#### [RECORDS]

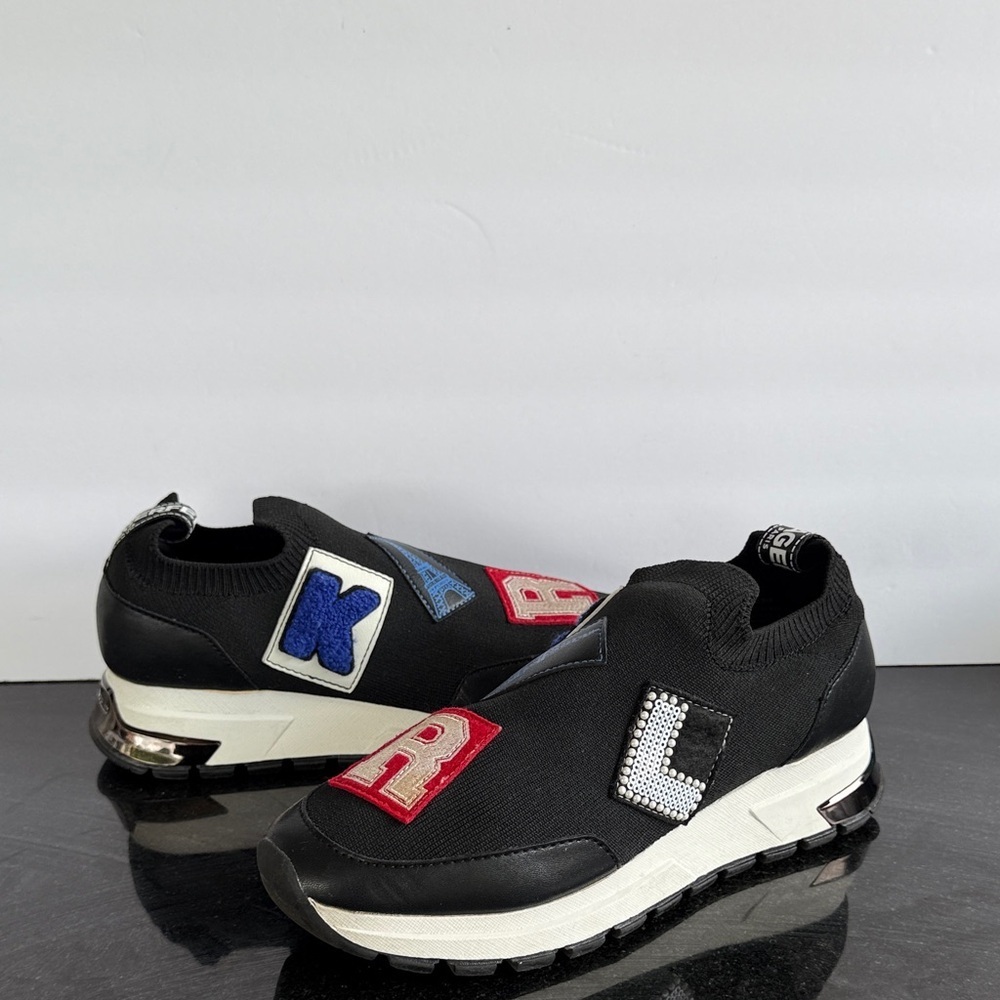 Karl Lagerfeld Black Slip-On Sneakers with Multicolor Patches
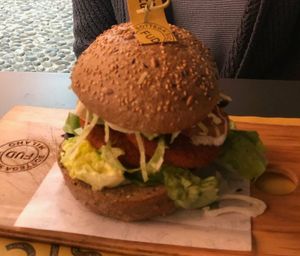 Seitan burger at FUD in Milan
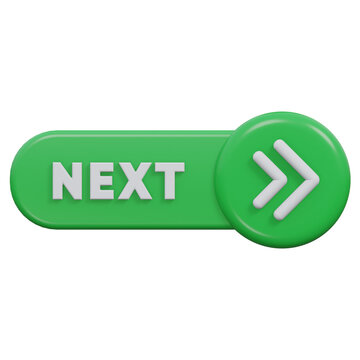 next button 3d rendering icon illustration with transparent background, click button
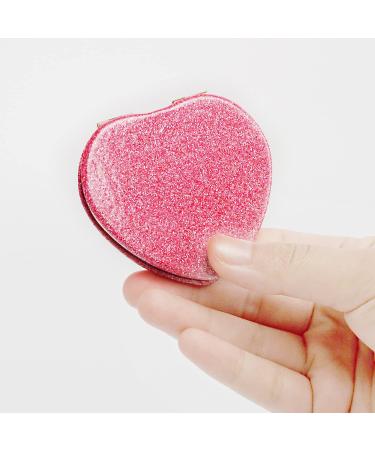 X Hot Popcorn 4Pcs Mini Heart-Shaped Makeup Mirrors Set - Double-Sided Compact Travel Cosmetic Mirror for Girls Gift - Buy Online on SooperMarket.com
--
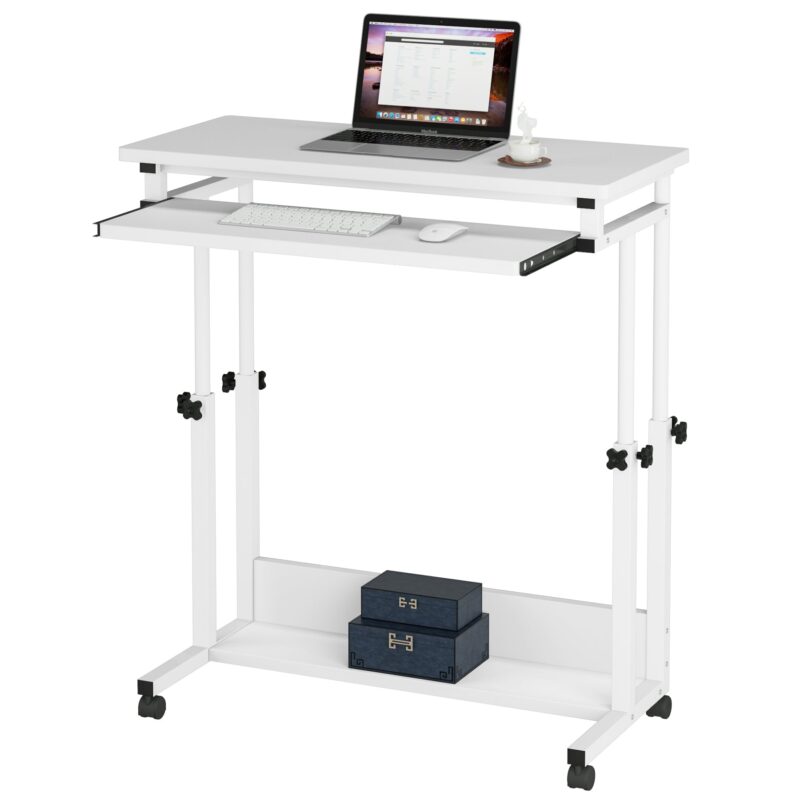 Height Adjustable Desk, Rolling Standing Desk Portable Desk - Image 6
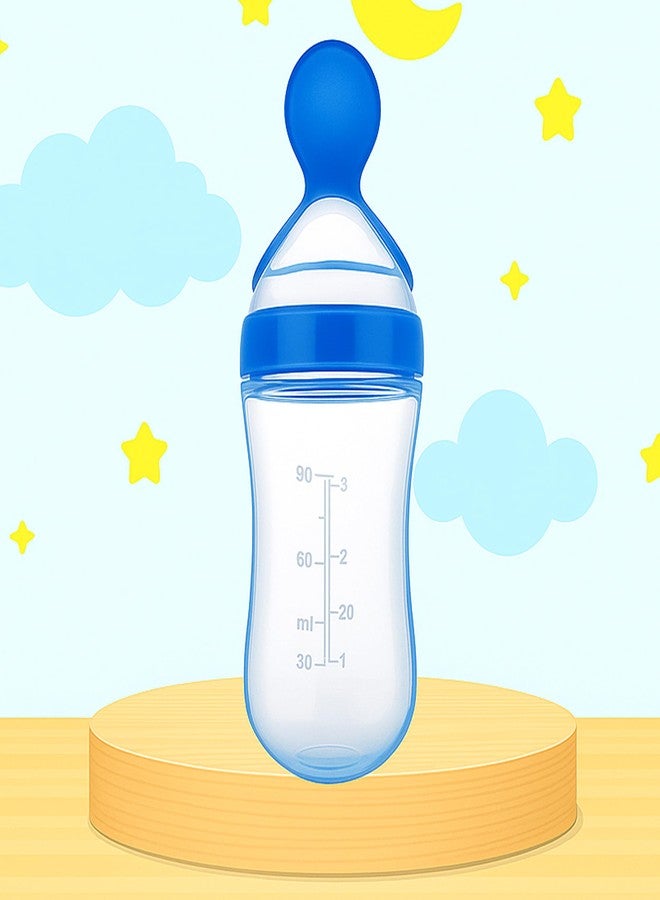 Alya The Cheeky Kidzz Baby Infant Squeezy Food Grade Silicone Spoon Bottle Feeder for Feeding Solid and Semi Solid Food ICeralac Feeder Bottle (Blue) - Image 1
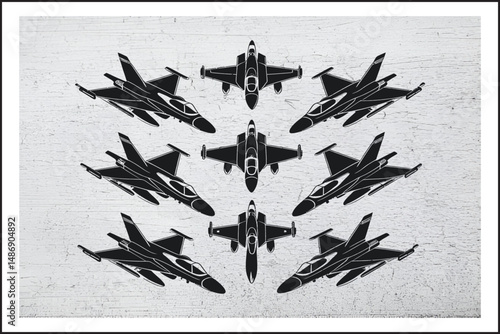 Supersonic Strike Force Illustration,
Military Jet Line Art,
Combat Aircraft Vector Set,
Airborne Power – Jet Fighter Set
* * *
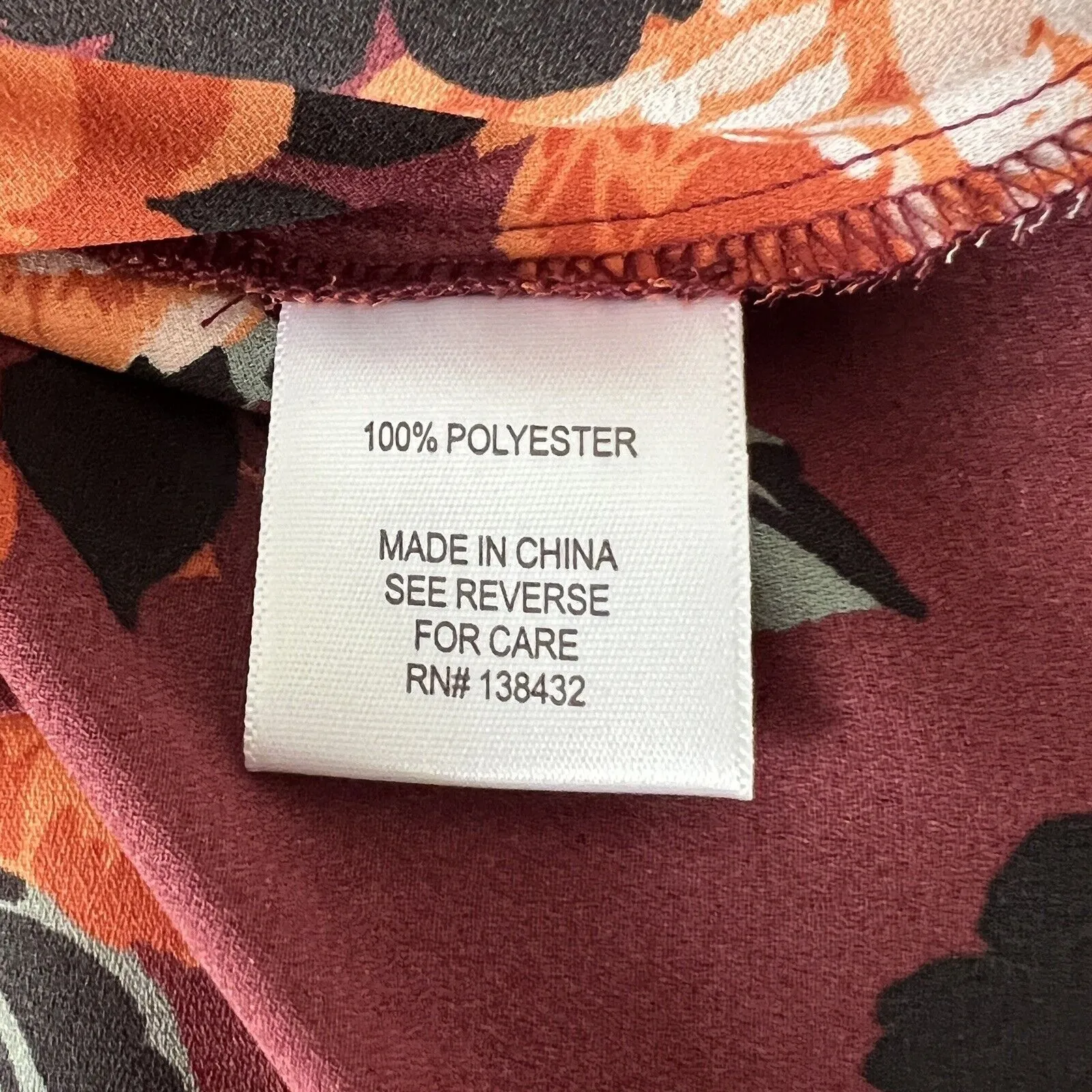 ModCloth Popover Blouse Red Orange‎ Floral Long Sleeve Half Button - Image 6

#### [WORK TO COMPLETE]
Word for word, restate the lines of the listing above starting at the line with "Military Jet Line" and ending at the line with "Airborne Power – Jet Fighter Set", and nothing outside them.

#### [RESPONSE AREA]
Military Jet Line Art,
Combat Aircraft Vector Set,
Airborne Power – Jet Fighter Set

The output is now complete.